El destino es ciego: hace daño sin mirar a quien, y en el caso de Larsson ha sido particularmente cruel. Uno desearía que Herman Melville, y por qué no Van Gogh, hubiesen recibido en vida el reconocimiento que merecían y al que además aspiraban. Larsson murió antes de poder apreciar lo que Salander y Blomkvist producían en su público. Pero la vida que huyó de su cuerpo se quedó prendida, de algún modo, de su personaje mejor. No hay muchas personas que puedan mencionar quiénes son los creadores de Snoopy, el Corto Maltés, Rocambole y el Fantasma de la Opera, pero a cambio de ese anonimato sus autores han obtenido una extraña, y ante todo prolongada, sobrevida.

Larsson se ha eclipsado. Pero Lisbeth Salander goza de buena salud.

Larson Básico. Suecia, 1954-2004. Periodista y Escritor.

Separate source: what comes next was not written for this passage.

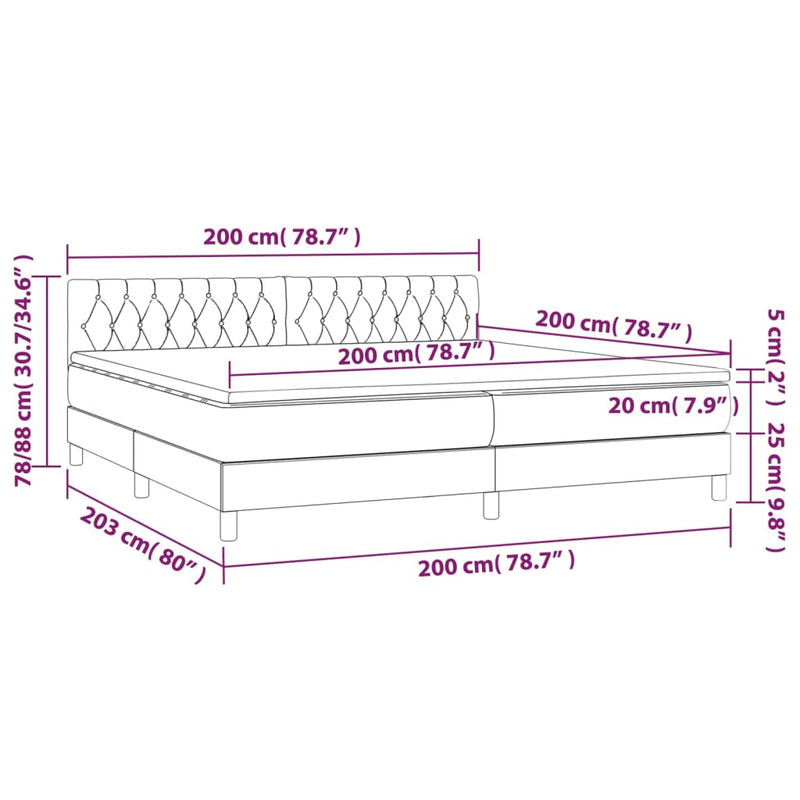 Pat box spring cu saltea, roz, 200x200 cm, catifea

Periodista y reportero de guerra reconocido como experto en los grupos de la extrema derecha antidemocrática, falleció inesperadamente de un ataque al corazón, días después de entregar a su editor el tercer volumen de la trilogía "Millennium" y poco antes de ver publicado el primero. Participó del proyecto "Stop the racism" y escribió varios libros de investigación periodística acerca de los grupos nazis de su país. [fontanamoncada]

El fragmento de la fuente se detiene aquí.